- What is needed -
In the entries that follow, repeat exactly the lines from the one that has "Gold-Schlüsseltaschenuhr, wohl 14" through the one that has "Burberry Sport Clip", but omit pictures.

- Data for the task -
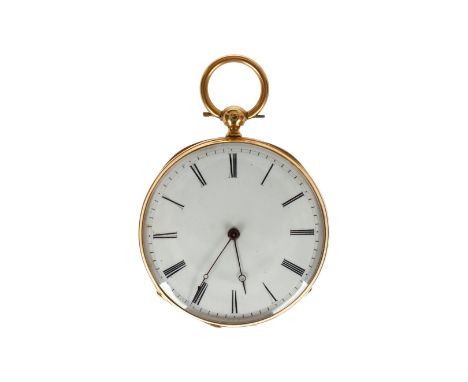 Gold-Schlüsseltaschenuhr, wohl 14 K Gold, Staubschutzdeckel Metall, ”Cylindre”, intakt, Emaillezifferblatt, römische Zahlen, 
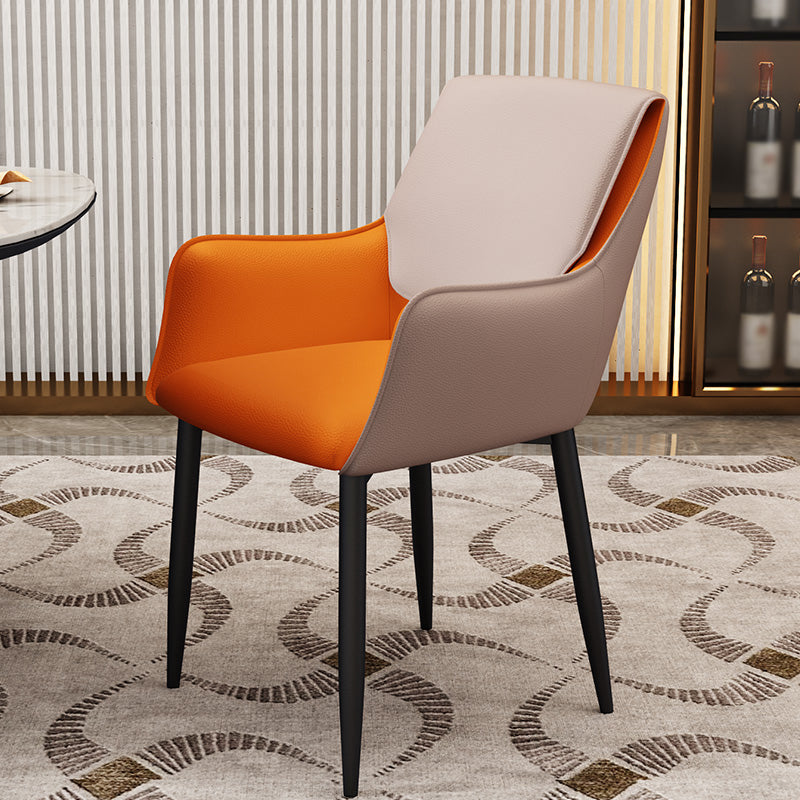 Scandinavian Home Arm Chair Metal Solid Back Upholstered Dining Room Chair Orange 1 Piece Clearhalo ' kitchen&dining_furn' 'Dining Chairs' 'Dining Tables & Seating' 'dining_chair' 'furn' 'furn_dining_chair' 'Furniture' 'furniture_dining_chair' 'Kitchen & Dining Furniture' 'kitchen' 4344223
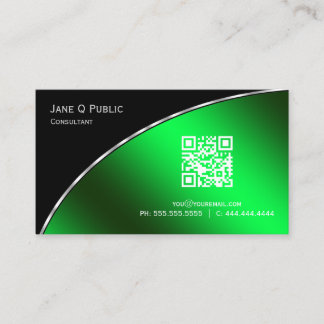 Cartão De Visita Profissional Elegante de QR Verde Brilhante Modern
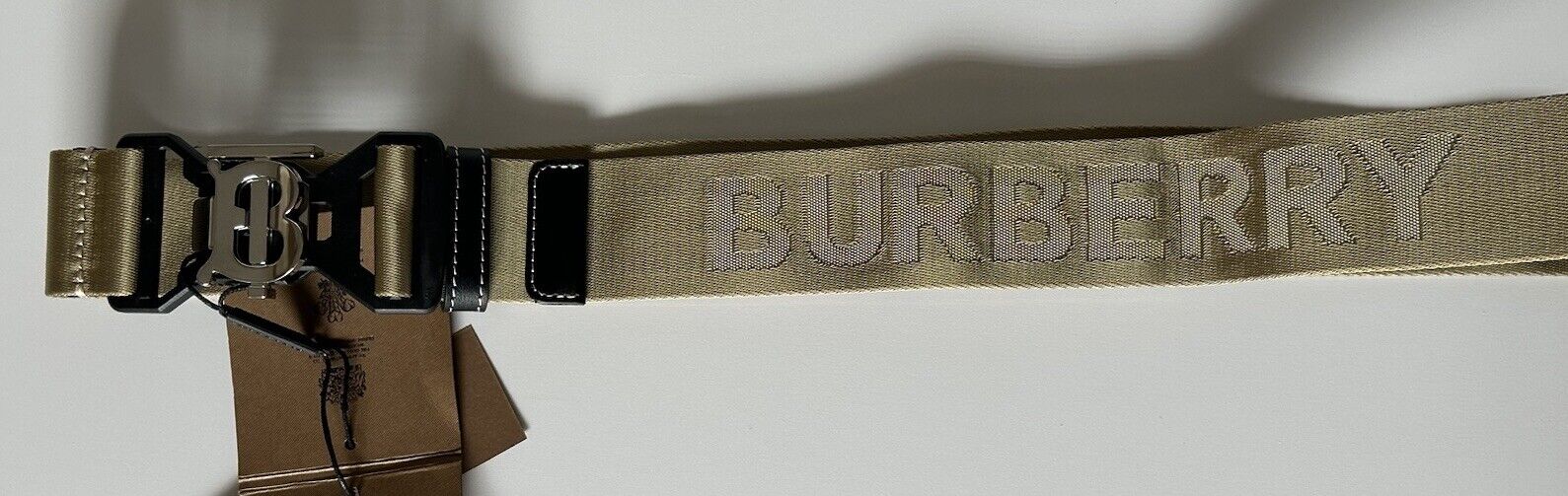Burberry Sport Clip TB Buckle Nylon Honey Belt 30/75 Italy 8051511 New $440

==

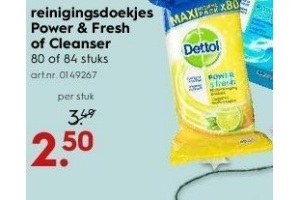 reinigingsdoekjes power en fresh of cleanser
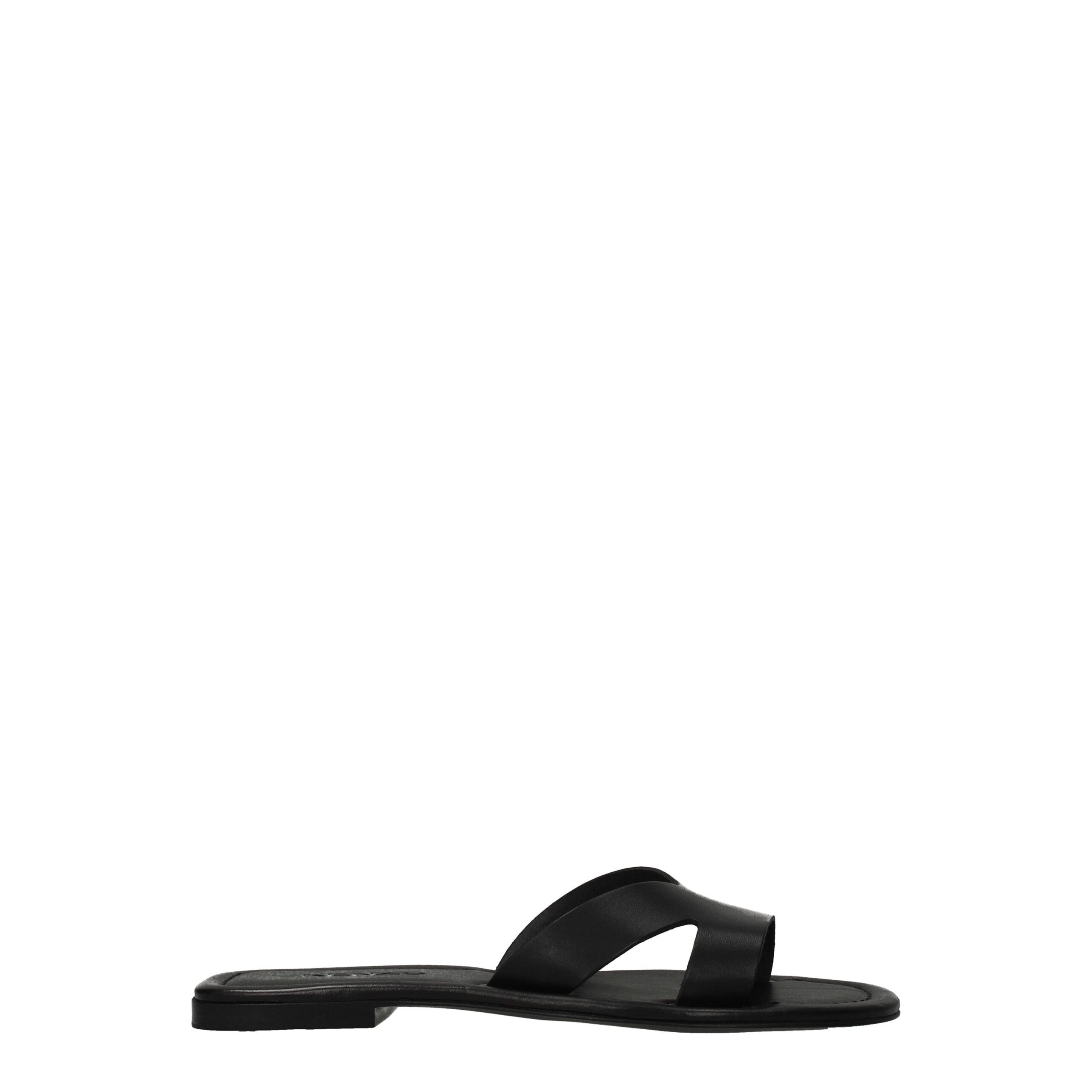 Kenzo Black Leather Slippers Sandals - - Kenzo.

--

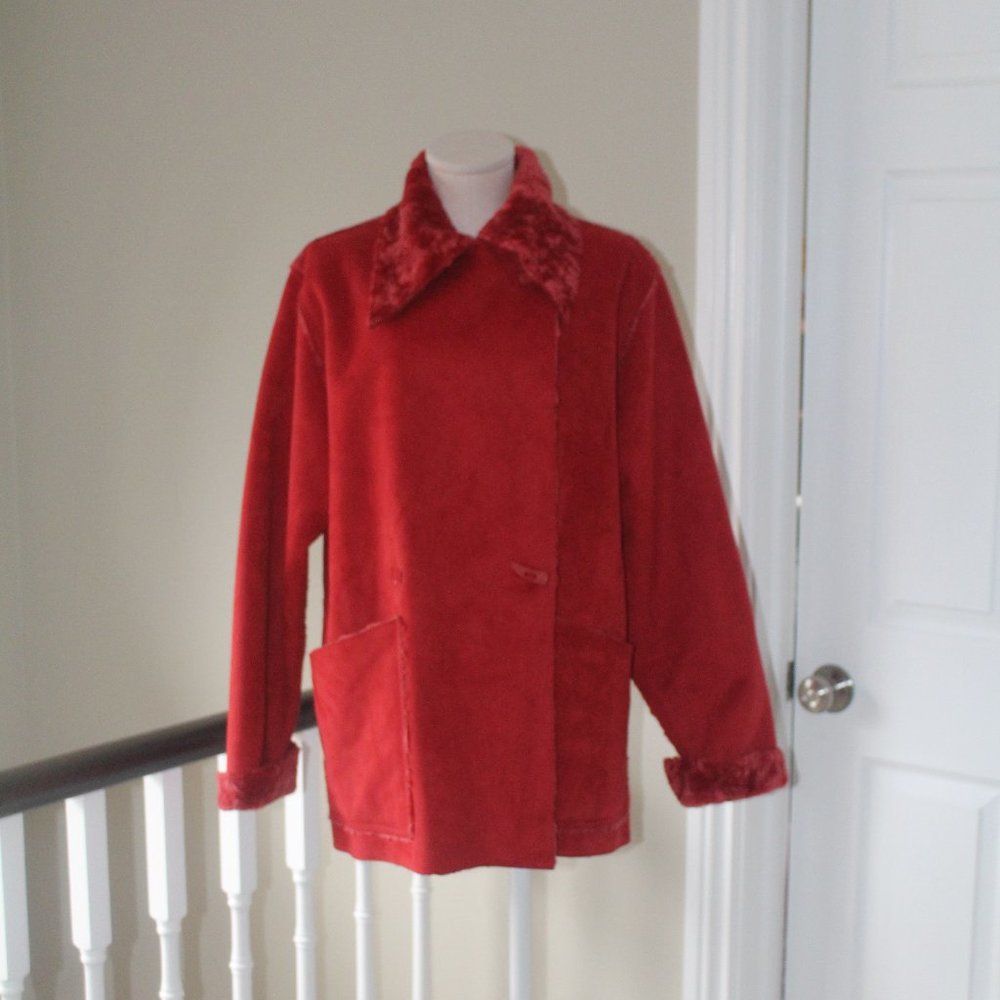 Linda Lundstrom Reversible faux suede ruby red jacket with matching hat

- Answer below -
 Gold-Schlüsseltaschenuhr, wohl 14 K Gold, Staubschutzdeckel Metall, ”Cylindre”, intakt, Emaillezifferblatt, römische Zahlen, 
 Scandinavian Home Arm Chair Metal Solid Back Upholstered Dining Room Chair Orange 1 Piece Clearhalo ' kitchen&dining_furn' 'Dining Chairs' 'Dining Tables & Seating' 'dining_chair' 'furn' 'furn_dining_chair' 'Furniture' 'furniture_dining_chair' 'Kitchen & Dining Furniture' 'kitchen' 4344223
 Cartão De Visita Profissional Elegante de QR Verde Brilhante Modern
Burberry Sport Clip TB Buckle Nylon Honey Belt 30/75 Italy 8051511 New $440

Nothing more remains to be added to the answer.